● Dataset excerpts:
--- START ---

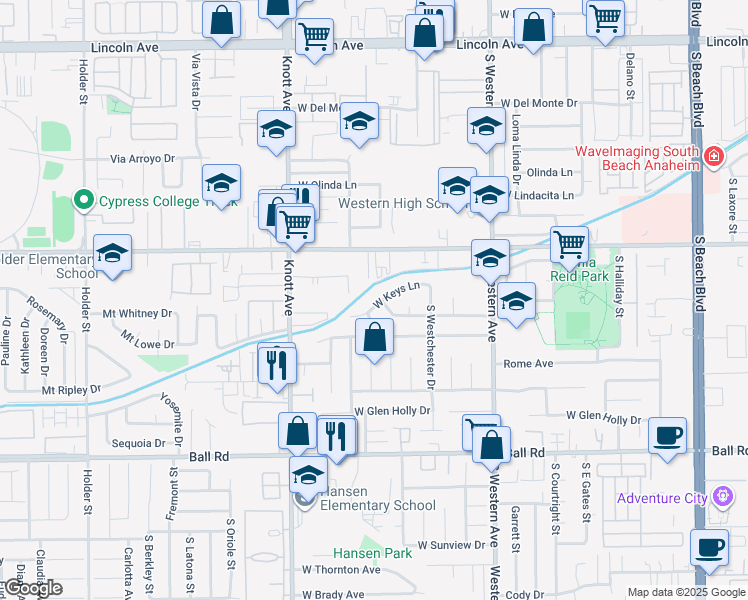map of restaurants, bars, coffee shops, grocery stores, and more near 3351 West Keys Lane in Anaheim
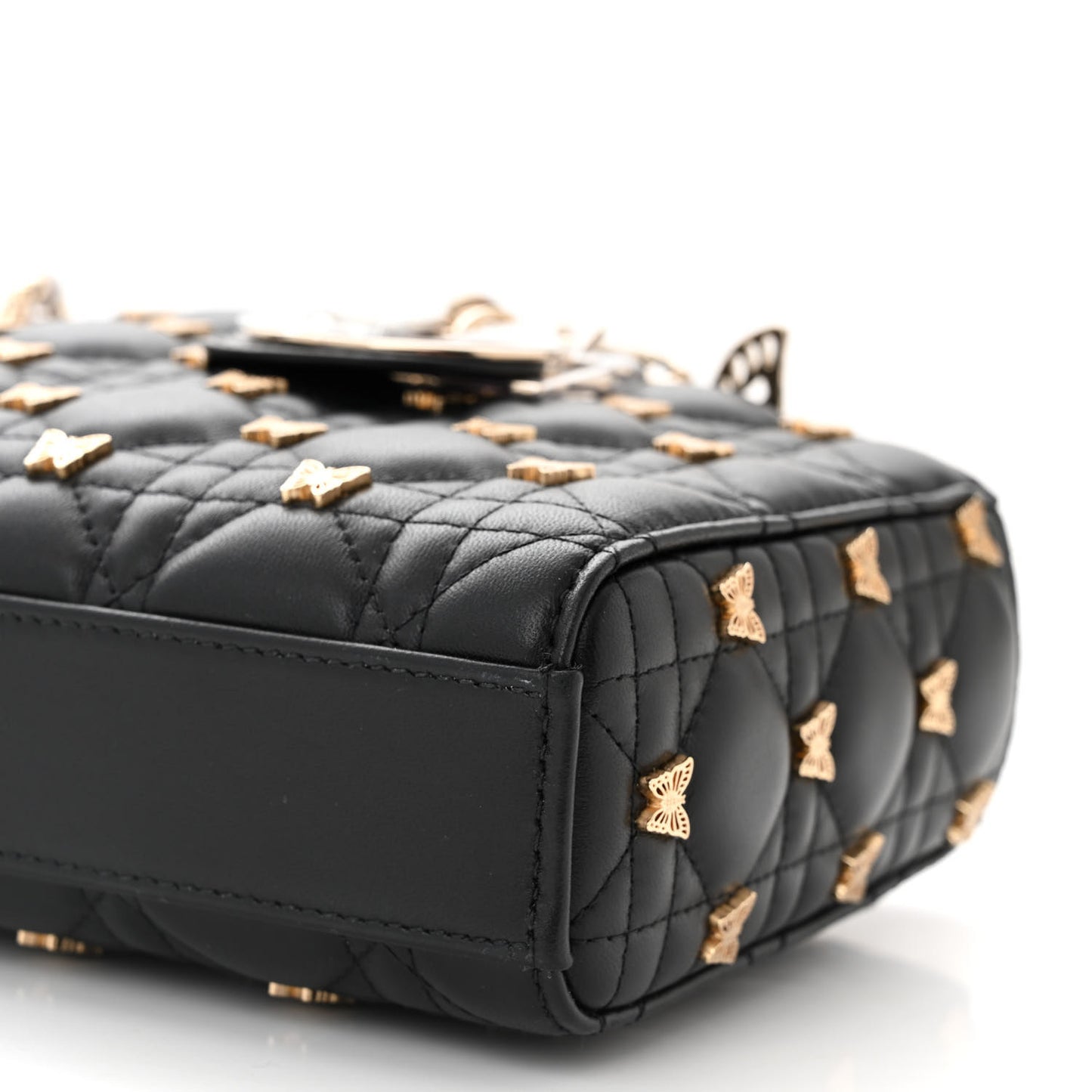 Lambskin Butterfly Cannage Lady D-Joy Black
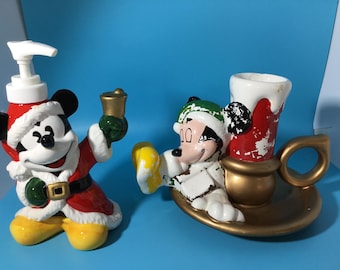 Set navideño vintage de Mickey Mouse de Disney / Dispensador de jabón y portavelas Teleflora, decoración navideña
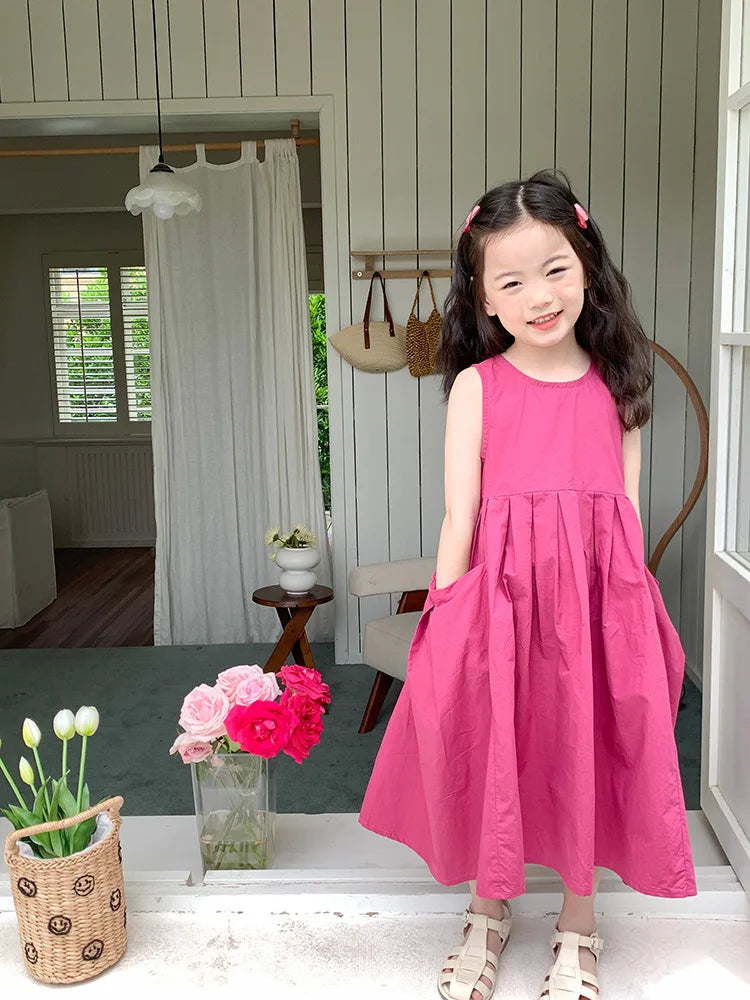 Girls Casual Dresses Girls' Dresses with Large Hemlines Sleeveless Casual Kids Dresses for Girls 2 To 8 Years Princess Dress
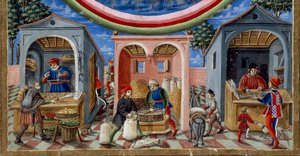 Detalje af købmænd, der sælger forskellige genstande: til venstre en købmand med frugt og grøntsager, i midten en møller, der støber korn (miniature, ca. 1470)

--- END ---

● Work order: All that should appear in the response is the run of lines from the one with "Girls Casual Dresses" through the final line of the records, restated exactly, with pictures omitted.

● Solution below:
 Girls Casual Dresses Girls' Dresses with Large Hemlines Sleeveless Casual Kids Dresses for Girls 2 To 8 Years Princess Dress
 Detalje af købmænd, der sælger forskellige genstande: til venstre en købmand med frugt og grøntsager, i midten en møller, der støber korn (miniature, ca. 1470)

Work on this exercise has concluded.